When protest spills over into intimidation

I am one of the first to stand up and defend people's right to protest, to offend others and even to be offensive, if it is justified. But there is a line to be drawn between legitimate protest and intimidation, and yesterday's confrontation with Anna Soubry MP crossed that line.

As the Guardian reports, dozens of MPs have written to the UK’s most senior police officer to raise concerns about safety outside parliament after the Conservative MP faced chants from protesters on Monday calling her a “Nazi”. Ironically, the tactics adopted by these protestors have far more in common with those of Hitler's thugs, than anything they may be accusing Ms. Soubry of:

At least 55 parliamentarians signed the letter to the Metropolitan police commissioner, Cressida Dick, after the Commons Speaker, John Bercow, urged officers to do more to protect MPs and Soubry criticised the lack of police response to the abuse.

Scotland Yard later confirmed it had opened an investigation into whether any offences had been committed when chants of “Soubry is a Nazi” could clearly be heard while the pro-remain MP was being interviewed by BBC News on Abingdon Green, a grassed area outside parliament used by broadcasters.

It is the second time in recent weeks that Soubry has been targeted by a small group of pro-Brexit protesters wearing yellow vests, some of whom have links to the far right. On the earlier occasion, she was surrounded by shouting men calling her a traitor.

The MPs’ letter to Dick reads: “After months of peaceful and calm protests by groups representing a range of political views on Brexit, an ugly element of individuals with strong far-right and extreme-right connections, which your officers are well aware of, have increasingly engaged in intimidatory and potentially criminal acts targeting members of parliament, journalists, activists and members of the public.

“We understand there are ongoing investigations but there appears to be an ongoing lack of coordination in the response from the police and appropriate authorities including with Westminster borough policing, and despite clear assurances this would be dealt with following incidents before Christmas, there have been a number of further serious and well publicised incidents today.”

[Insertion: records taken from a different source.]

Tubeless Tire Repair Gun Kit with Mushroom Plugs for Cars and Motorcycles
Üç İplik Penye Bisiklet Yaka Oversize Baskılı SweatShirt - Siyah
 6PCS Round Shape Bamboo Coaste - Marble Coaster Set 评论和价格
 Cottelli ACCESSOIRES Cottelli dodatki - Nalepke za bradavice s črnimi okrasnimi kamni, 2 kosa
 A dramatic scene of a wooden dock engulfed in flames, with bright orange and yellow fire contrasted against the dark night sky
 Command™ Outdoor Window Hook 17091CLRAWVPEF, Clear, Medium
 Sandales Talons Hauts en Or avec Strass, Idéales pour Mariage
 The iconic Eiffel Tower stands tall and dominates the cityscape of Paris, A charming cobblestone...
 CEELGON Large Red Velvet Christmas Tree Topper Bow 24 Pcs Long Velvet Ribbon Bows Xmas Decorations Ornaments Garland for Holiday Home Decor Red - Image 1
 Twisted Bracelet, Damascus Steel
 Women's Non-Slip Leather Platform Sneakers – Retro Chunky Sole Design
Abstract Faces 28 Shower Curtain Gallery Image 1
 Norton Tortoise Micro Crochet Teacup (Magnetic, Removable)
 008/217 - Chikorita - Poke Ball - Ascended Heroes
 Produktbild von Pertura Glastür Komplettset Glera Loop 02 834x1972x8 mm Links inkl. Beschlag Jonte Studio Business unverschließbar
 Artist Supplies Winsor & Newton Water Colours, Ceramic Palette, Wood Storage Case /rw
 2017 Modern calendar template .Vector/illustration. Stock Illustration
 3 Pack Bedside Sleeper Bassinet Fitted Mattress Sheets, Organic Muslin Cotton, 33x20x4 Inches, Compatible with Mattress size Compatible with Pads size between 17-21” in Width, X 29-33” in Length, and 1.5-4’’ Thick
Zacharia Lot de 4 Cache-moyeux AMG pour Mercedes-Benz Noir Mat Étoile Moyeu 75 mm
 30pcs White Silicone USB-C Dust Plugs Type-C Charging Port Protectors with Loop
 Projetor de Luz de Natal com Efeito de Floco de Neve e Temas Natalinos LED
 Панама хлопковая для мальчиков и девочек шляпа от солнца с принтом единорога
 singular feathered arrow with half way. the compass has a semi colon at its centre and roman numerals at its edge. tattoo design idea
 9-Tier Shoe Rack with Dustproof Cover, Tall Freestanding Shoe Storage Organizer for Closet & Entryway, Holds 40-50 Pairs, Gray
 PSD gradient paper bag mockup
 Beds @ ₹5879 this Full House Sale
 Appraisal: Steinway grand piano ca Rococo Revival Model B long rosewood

In the letter, the MPs said they wanted to ensure that people retained the right to protest peacefully outside parliament. “It is, however, utterly unacceptable for members of parliament, journalists, activists and members of the public to be subject to abuse, intimidation and threatening behaviour and indeed potentially serious offences while they go about their work.”

Gina Miller makes the point on Radio Wales this morning that it is women in particular who are being targeted by these people, and that despite that, police are there in insufficient numbers and are failing to intervene.

And it is not just MPs who are facing this intimidation. Protestors are targeting journalists and other interviewees, echoes of Trump's verbal assaults on the media, attacking the messenger not the message. The concern of course is that this intimidation will spill over into violence, and that we will have another tragedy such as that with Jo Cox.

If the media are to continue working from College Green, and if we are to continue to respect the democratic right to protest, then the police need to offer greater protection to those being targeted so that both sides can go about their business without fear.
The 1st thing that came to my mind over this was Moseley,s Black Shirts of 1936. We have had the rise of Nationalism, Hitler 1933, now this. Three years later War.The problems must be rapidly dealt with. The Tories swing to the right (starting with Cameron) has been a disaster for the country.